Der Verwaltungsgerichtshof hat im Erkenntnis vom 27. März 1984, Zl. 83/05/0009 (= Slg. Nr. 11381/A, nur Rechtssatz), die Rechtsansicht vertreten, als "öffentlicher Notstand" im Sinne des § 1 Abs. 2 FWG könne nur angesehen werden, was eine "Gemeingefahr" herbeigeführt habe, wie etwa ein Erdbeben, eine Überschwemmung u.ä. Dieser Begriff des öffentlichen Notstandes ist allerdings im Interesse des Gemeinwohles nicht zu eng auszulegen; vielmehr ist jedenfalls auch dann, wenn etwa mehrere Menschen unmittelbar drohender Gefahr für Leben oder Gesundheit ausgesetzt sind, das unmittelbare, verfahrensfreie Einschreiten der Feuerwehr durch § 1 Abs. 2 zweiter Satz FWG gedeckt. Der Verwaltungsgerichtshof vertritt den Standpunkt, dass dies bei der den Gegenstand der vorliegenden Säumnisbeschwerde bildenden Ausübung unmittelbarer verwaltungsbehördlicher Befehls- und Zwangsgewalt der Fall war. Dies geht insbesondere aus der anlässlich der am 15. April 1996 (vor der belangten Behörde) stattgefundenen mündlichen Verhandlung vom gartentechnischen Amtssachverständigen Ing. W. abgegebenen Zeugenaussage deutlich hervor, wonach die in Rede stehenden Bäume infolge der Gefahr des Umstürzens auf den Fußweg zu entfernen gewesen seien. Demgegenüber hat auch der vom Beschwerdeführer ins Treffen geführte (gerichtlich beeidete) Sachverständige Dipl. Ing. G. anlässlich der am 21. Mai 1996 durchgeführten Ortsaugenscheinsverhandlung "insbesondere bei extremen Wetterbelastungen" eine Gefährdung nicht auszuschließen vermocht. Der Gerichtshof geht daher im Rahmen der (an Stelle der belangten Behörde durchzuführenden) freien Beweiswürdigung (vgl. § 45 Abs. 2 AVG) davon aus, dass der Zustand der vier Bäume zum Zeitpunkt ihrer Fällung ein solcher war, dass sie auf den angrenzenden Fußweg umzustürzen drohten. Geht man weiters davon aus, dass das Passieren dieser Stelle einer öffentlichen Straße etwa durch eine Personengruppe nicht auszuschließen war, so ist das Vorliegen eines "öffentlichen Notstandes" und damit ein sofortiges Einschreiten der Feuerwehr im Sinne des § 1 Abs. 2 zweiter Satz FWG gerechtfertigt gewesen.

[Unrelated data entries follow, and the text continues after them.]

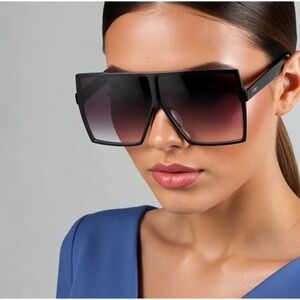 Square Sunglasses‎ Metal frame Big XL Black Lens Women Shades Large Trendy Fancy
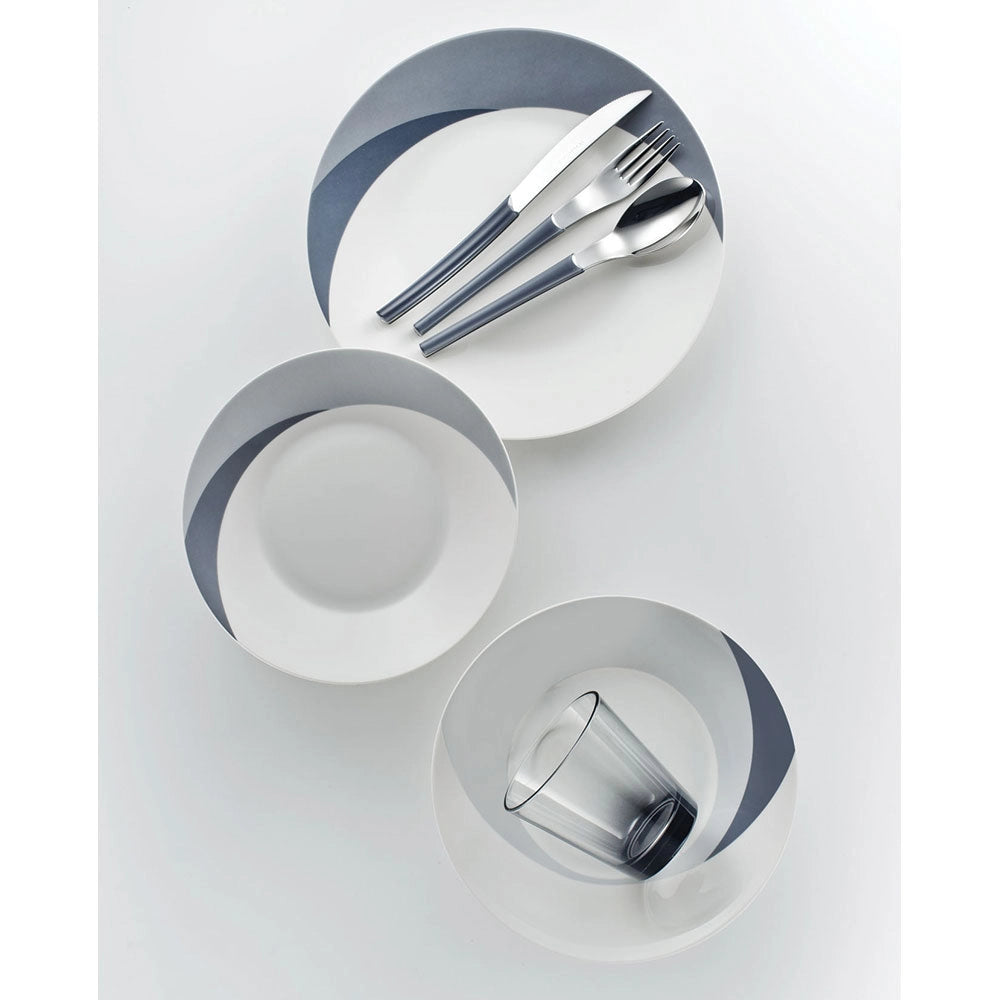 Set 7 pezzi Piatti + Posate + Bicchiere Eme Natura Stone Grigio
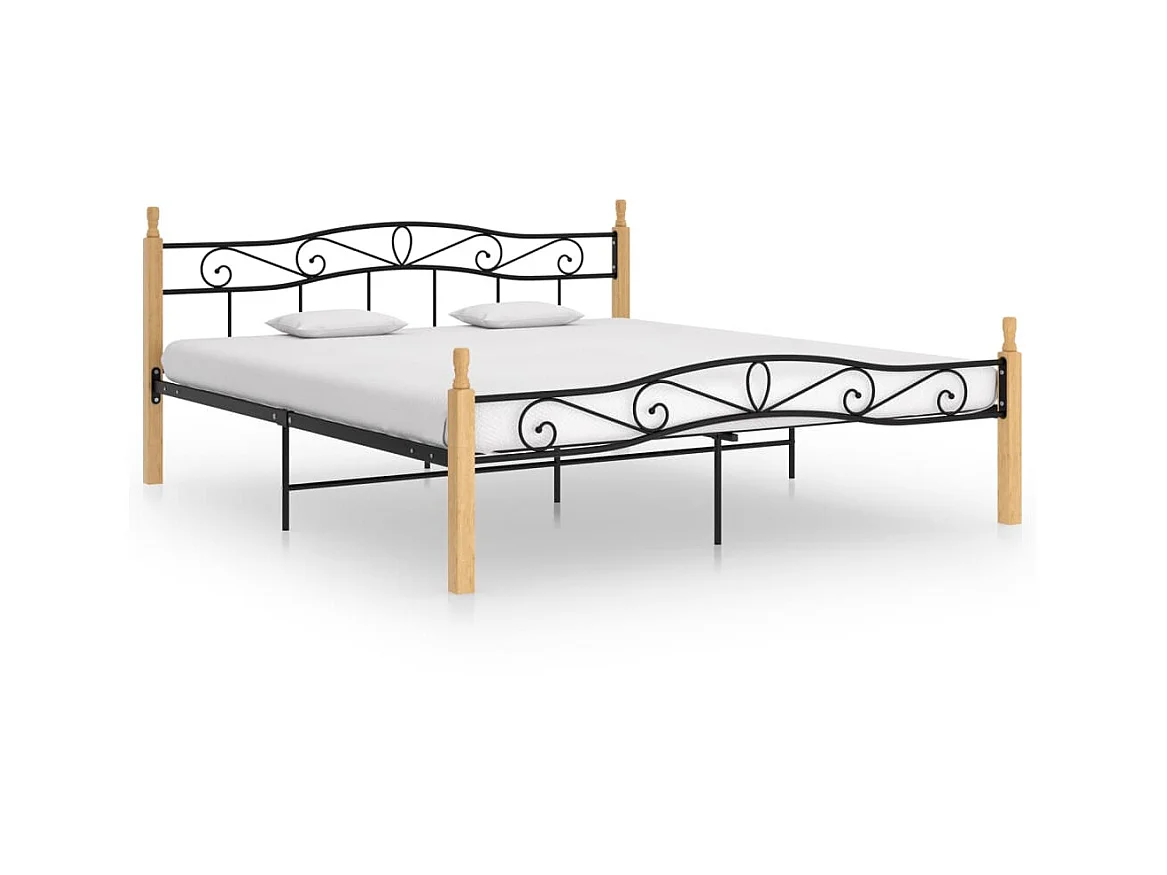 Cama 200x200 cm metal y madera maciza de roble ES47598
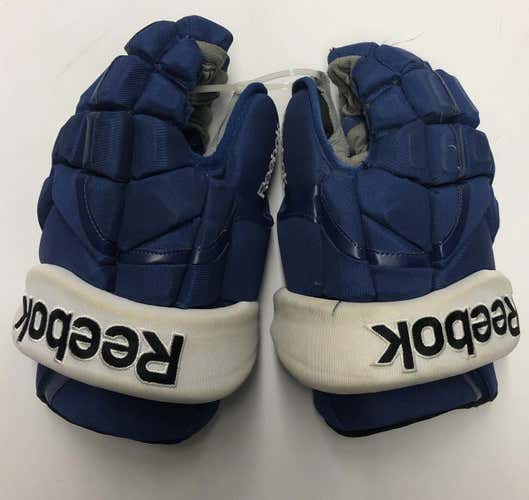 REEBOK 11KP PRO STOCK CUSTOM HOCKEY GLOVES 14" SYRACUSE CRUNCH AHL USED #78 4379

Soweit sich der Beschwerdeführer darauf beruft, dass als "gelinderes Mittel" die vorübergehende Sperre der Verkehrsfläche in Betracht zu ziehen gewesen wäre, um sodann das in § 91 Abs. 1 Straßenverkehrsordnung 1960 vorgesehene Verfahren durchzuführen, ist ihm zunächst entgegenzuhalten, dass auch in Fällen der Behinderungen des Straßenverkehrs, in denen den Verkehrsteilnehmern eine andere Routenwahl zur Erreichung ihres Zieles offen steht, vom Vorliegen einer Verkehrsbeeinträchtigung (welches die Entfernung eines Gegenstandes und die Vorschreibung von diesbezüglichen Kosten gemäß § 89a Straßenverkehrsordnung 1960 rechtfertigt) auszugehen ist (vgl. das sich auf die Behinderung von Fußgängern beziehende hg. Erkenntnis vom 31. März 1993, Zl. 93/02/0045). Auf die Frage der Möglichkeit von "Umwegen" für die Benützer der gegenständlichen Verkehrsfläche war daher nicht einzugehen.

Der dem Beschwerdeführer offenbar vorschwebende Grundsatz der "Verhältnismäßigkeit" (vgl. dazu näher das hg. Erkenntnis vom 23. März 1988, Slg. Nr. 12 683/A) würde voraussetzen, dass die Entfernung der Bäume nicht das einzige Mittel dargestellt hätte, um die gefahrlose "Benützung" der in Rede stehenden öffentlichen Verkehrsfläche zu gewährleisten; solches vermag der Gerichtshof allerdings nicht zu erkennen und auch der Beschwerdeführer selbst vermochte keine diesbezüglichen Alternativen aufzuzeigen.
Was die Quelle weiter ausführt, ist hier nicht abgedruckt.